[[ RECORD SET, beginning ]]

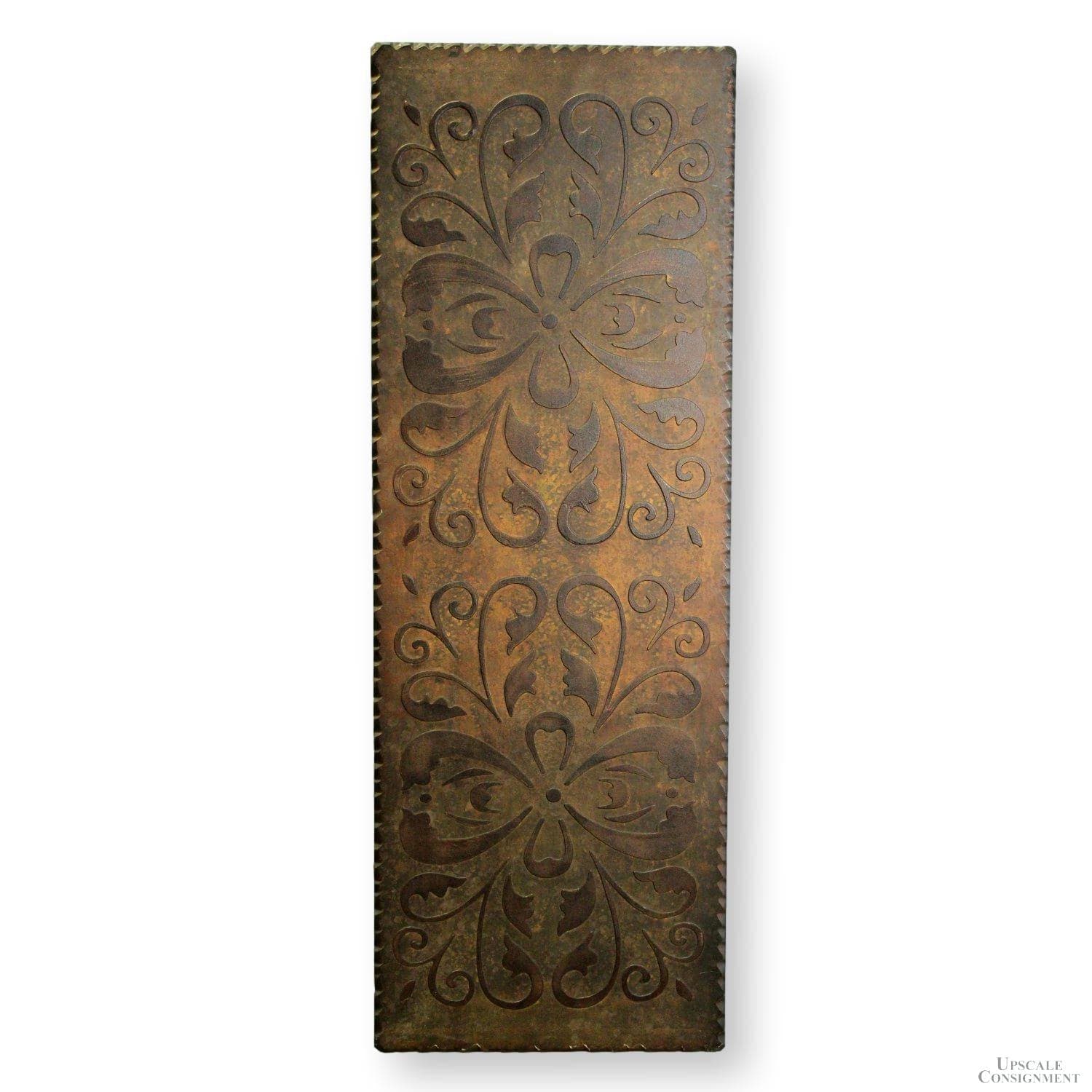 Uttermost Floral Etched Wall Hanging - Image 1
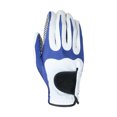 thumbnail image 4 of Eigraketly 1 guante de golf para hombre, guante de golf antideslizante, manopla deportiva elástica de microfibra, derecha, blanco azul, ML Type2 NO2 Eigraketly OD000898-24, 4 of 6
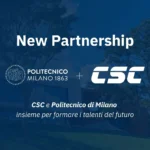 CSC Informatica e Politecnico di Milano: insieme per formare i talenti del futuro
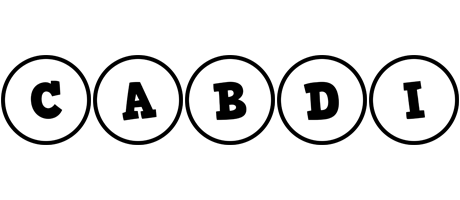 Cabdi handy logo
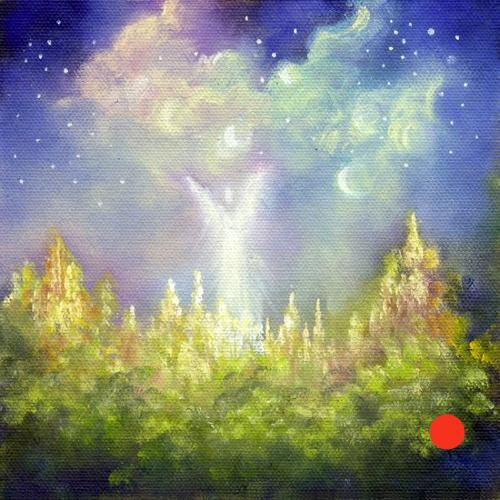 Heaven's Little Angel
6x6 Oil on canvas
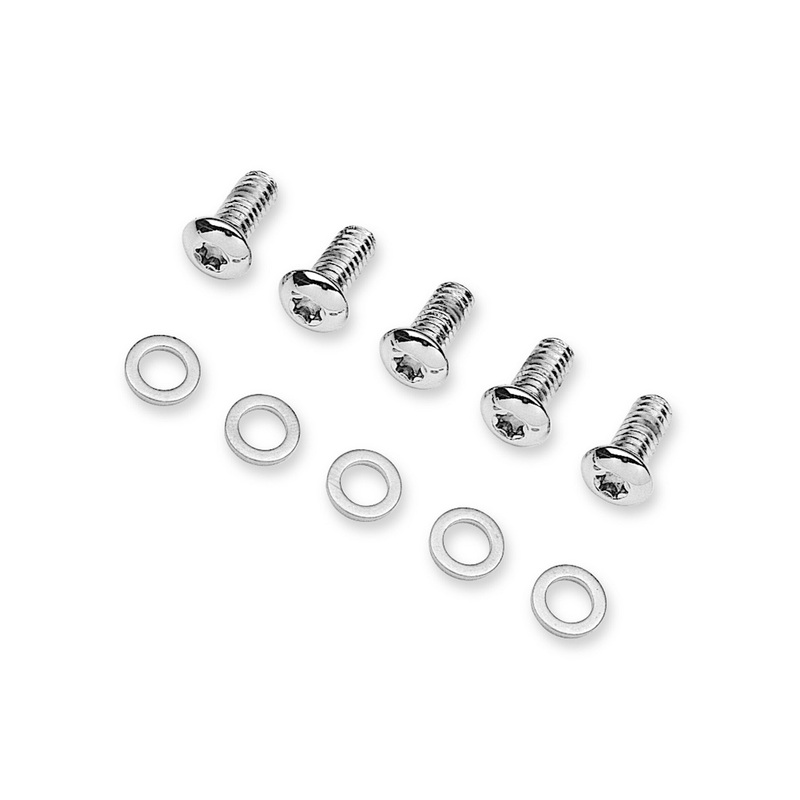Harley Davidson 25913-99 Derby Cover Screw Kit KIT HARDWARE 5 HOLE DERBY COVE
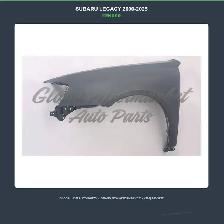 Subaru Legacy 2000-2025 Mirror Hood Fender Bumper Absorber - Photo 4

[[ RECORD SET, end ]]

### EXERCISE BRIEF
Could you print all of the entries exactly, skipping the images?

### SOLUTION TO THE PROBLEM
 Uttermost Floral Etched Wall Hanging - Image 1
 thumbnail image 4 of Eigraketly 1 guante de golf para hombre, guante de golf antideslizante, manopla deportiva elástica de microfibra, derecha, blanco azul, ML Type2 NO2 Eigraketly OD000898-24, 4 of 6
 CSC Informatica e Politecnico di Milano: insieme per formare i talenti del futuro
 Cabdi handy logo
 Heaven's Little Angel
6x6 Oil on canvas
Harley Davidson 25913-99 Derby Cover Screw Kit KIT HARDWARE 5 HOLE DERBY COVE
 Subaru Legacy 2000-2025 Mirror Hood Fender Bumper Absorber - Photo 4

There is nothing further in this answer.